Tuesday, February 03, 2015

EGMR: "Leaks" aus Ermittlungsakten als Verletzung des Art 8 EMRK

Es klingt fast nach einem Fall aus Österreich, denn es geht um Korruptionsvorwürfe gegen einen hochrangigen Politiker und Protokolle abgehörter Telefongespräche, die in den Medien landen. Doch das heutige Urteil des EGMR im Fall Apostu (Pressemitteilung des EGMR) betrifft einen Sachverhalt aus Rumänien. Die rechtlichen Fragen sind freilich auch aus österreichischer Sicht interessant.

Der Ausgangsfall
Sorin Apostu war Bürgermeister von Cluj-Napoca (Klausenburg), der zweitgrößten rumänischen Stadt. Die Antikorruptionseinheit der Staatsanwaltschaft ermittelte gegen ihn, seine Frau und drei Geschäftsleute wegen des Verdachts wiederholter Korruption und erwirkte die Genehmigung zum Abhören seines Telefons.
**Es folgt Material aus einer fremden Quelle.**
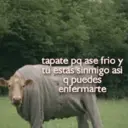اسٹیکر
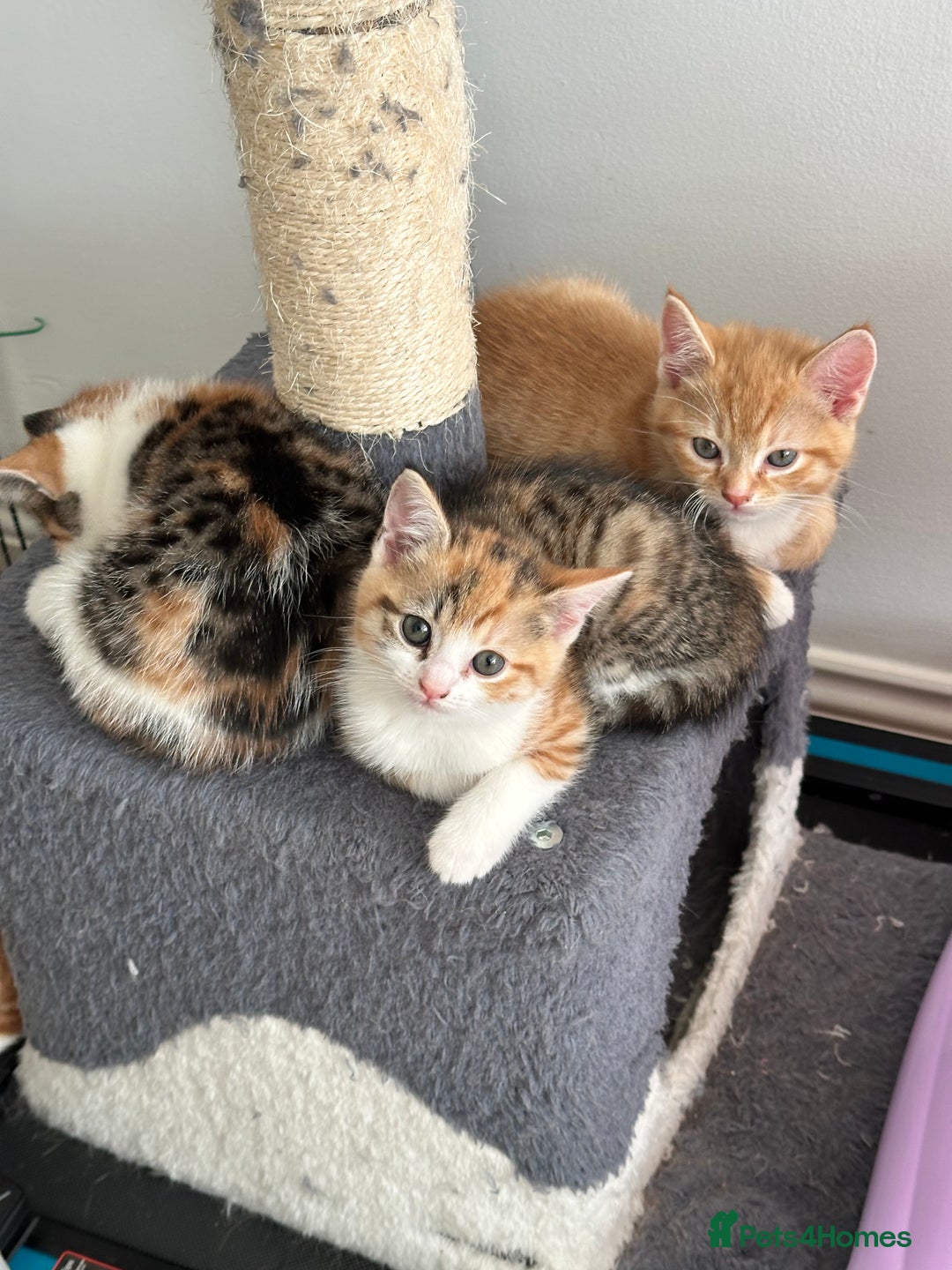 Domestic Shorthair cats for sale: 2 Male 2 female kittens for sale - Image 4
Im November 2011 wurde sein Wohnsitz und sein Büro durchsucht; er selbst wurde in Untersuchungshaft genommen, die mehrfach verlängert wurde. [Das Korruptionsstrafverfahren ist nach Information des EGMR noch in Gang, laut Wikipedia wurde Apostu in zweiter Instanz zu einer Haftstrafe von viereinhalb Jahren verurteilt].

In der Folge fanden Auszüge aus Telefonaten von Herrn Apostu den Weg in die Presse, noch bevor die Anklage fertiggestellt war. Auch Schlagzeilen von Presseberichten wiesen darauf hin, dass Auszüge aus den aufgezeichneten Gesprächen veröffentlicht würden (zB in der englischen Übersetzung des EGMR: "Shocking revelations in the Apostu file. The names of all the persons under investigation and new excerpts from the telephone conversations.", "Excerpts of intercepted phone conversations: Sorin Apostu, the mayor of Cluj, acknowledged that he had at home three telephones with pre-paid cards, in order not to be intercepted"). Weitere Ausschnitte aus den Abhörprotokollen wurden auch nach Anklageerhebung in der Presse veröffentlicht. Auch weitere Bestandteile der Ermittlungsakten wurden in der Presse veröffentlicht und kommentiert. So wurde etwa die Begrüdnung eines Haftbeschlusses wörtlich in einer Zeitung publiziert.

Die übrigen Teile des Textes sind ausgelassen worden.